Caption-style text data
________________
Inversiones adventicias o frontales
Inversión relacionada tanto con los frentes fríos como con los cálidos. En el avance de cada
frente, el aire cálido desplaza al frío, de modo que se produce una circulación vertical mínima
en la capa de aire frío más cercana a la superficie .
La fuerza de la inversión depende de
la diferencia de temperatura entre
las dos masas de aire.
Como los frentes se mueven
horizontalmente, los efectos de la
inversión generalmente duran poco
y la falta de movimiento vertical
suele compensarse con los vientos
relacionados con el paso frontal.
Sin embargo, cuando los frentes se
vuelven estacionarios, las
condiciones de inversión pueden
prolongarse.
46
________________
Return verbatim each line from the one that mentions "Sin embargo, cuando los frentes se" to the end of the entries, inclusive.

▶ [Answer to the exercise]:
Sin embargo, cuando los frentes se
vuelven estacionarios, las
condiciones de inversión pueden
prolongarse.
46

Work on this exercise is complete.